Take the line with "Kawaii Easter Eggs" as the first and the last line of the data as the end. Write out both and every line between exactly, except pictures.

-------------------------

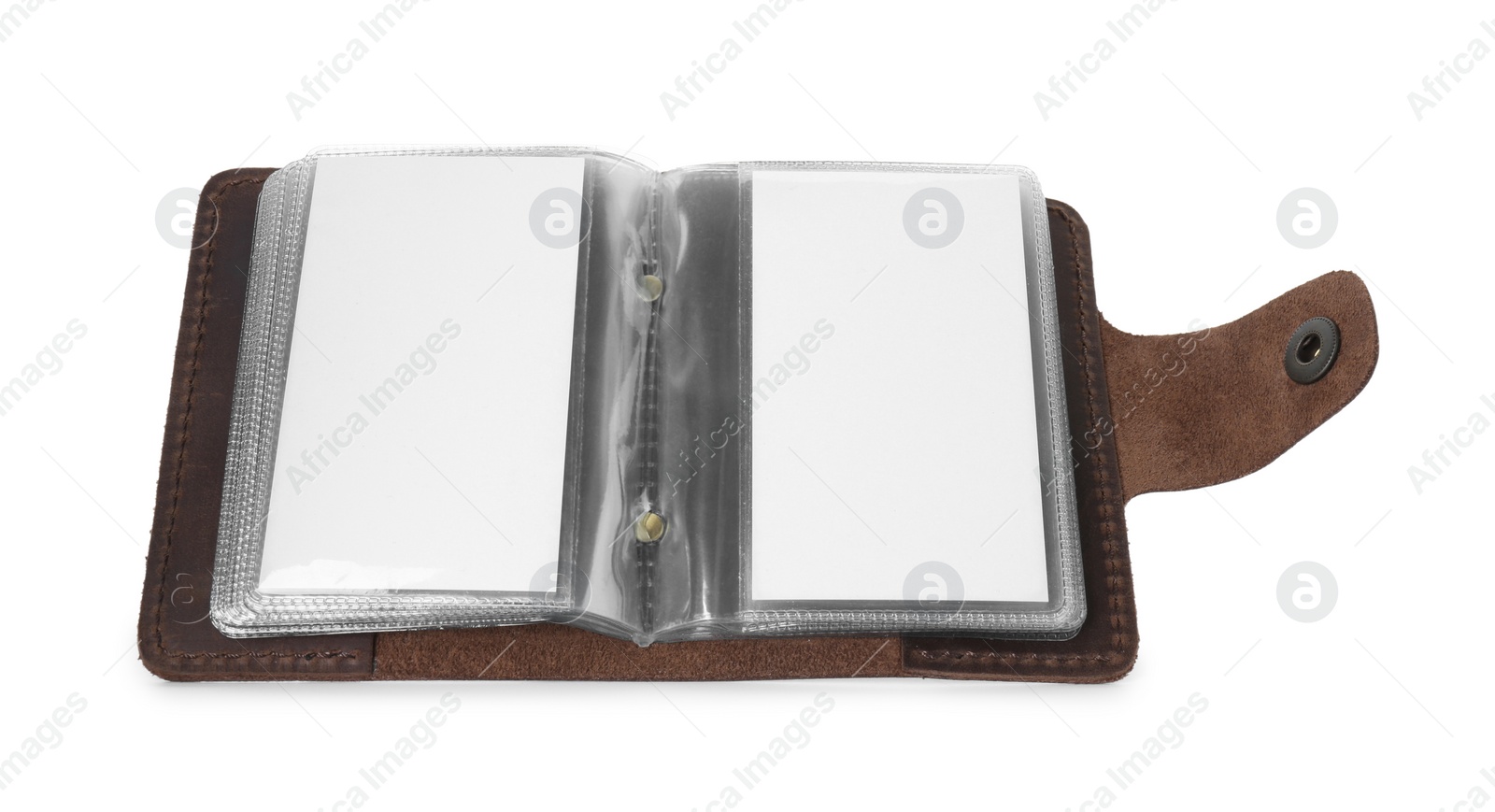 Photo of Leather business card holder with blank cards isolated on white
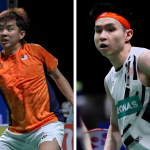 Wei Chong-Wooi Yik Victory showing Man Wei Chong returning a shot and Soh Wooi Yik tracking play at the China Open.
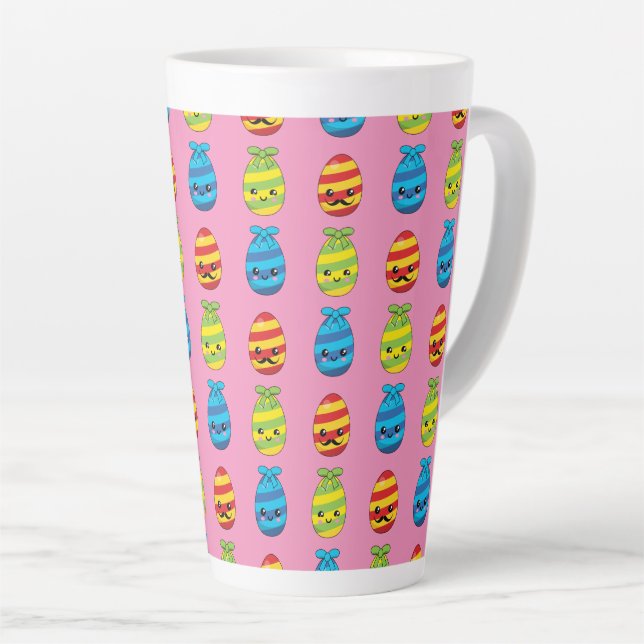 Kawaii Easter Eggs with Ribbons Latte Mug (Right Angle)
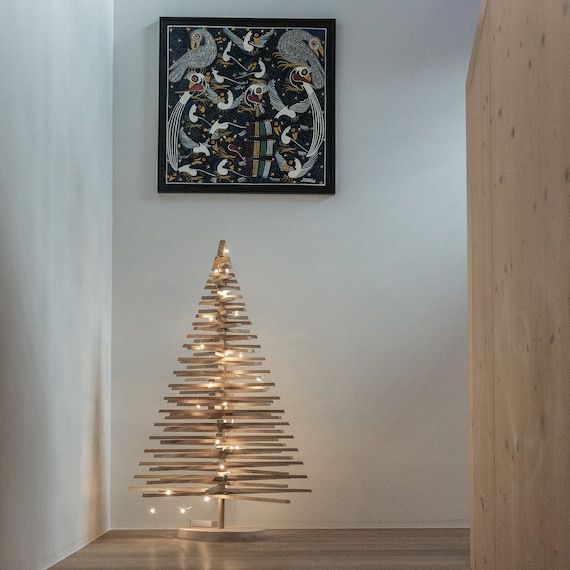 Cadeaux NOEL en bois naturel - 4 pièces - Objets en bois Noël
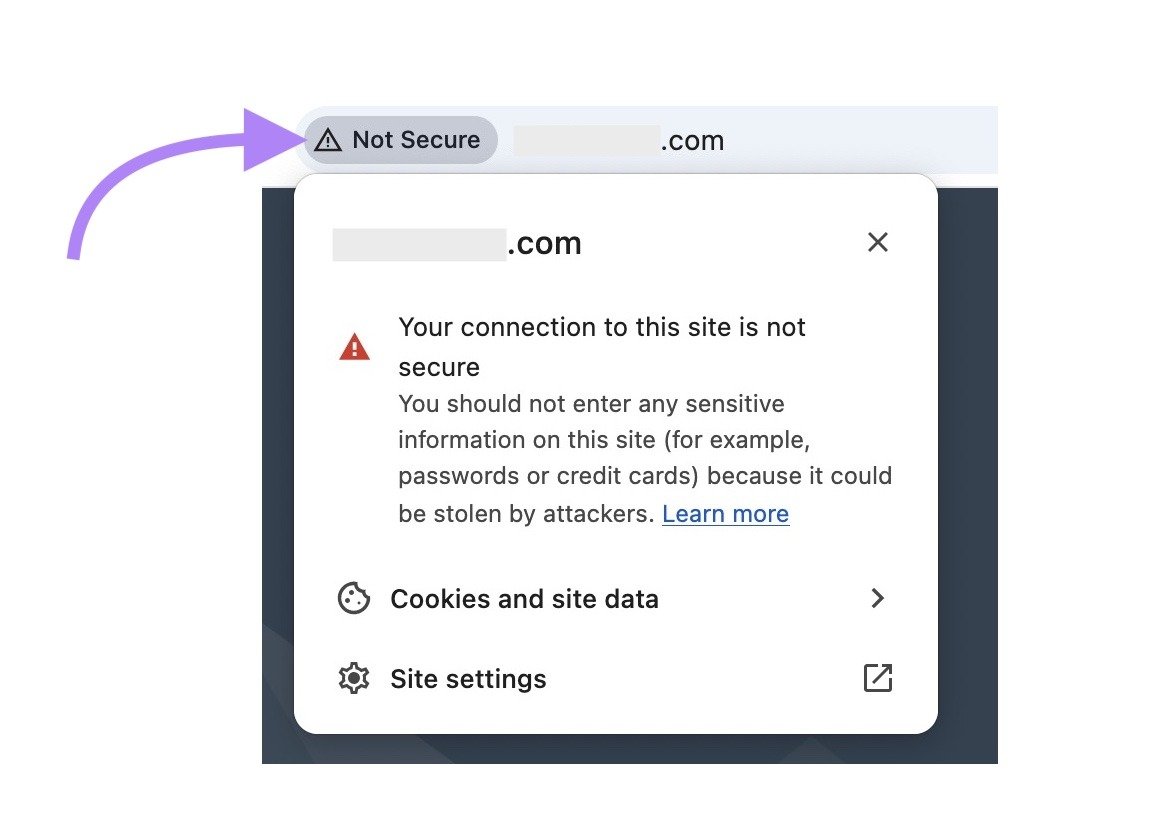 A browser address bar displaying a &ldquo;Not secure&rdquo; warning next to a website URL.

-------------------------

Answer to this problem:
 Kawaii Easter Eggs with Ribbons Latte Mug (Right Angle)
 Cadeaux NOEL en bois naturel - 4 pièces - Objets en bois Noël
 A browser address bar displaying a &ldquo;Not secure&rdquo; warning next to a website URL.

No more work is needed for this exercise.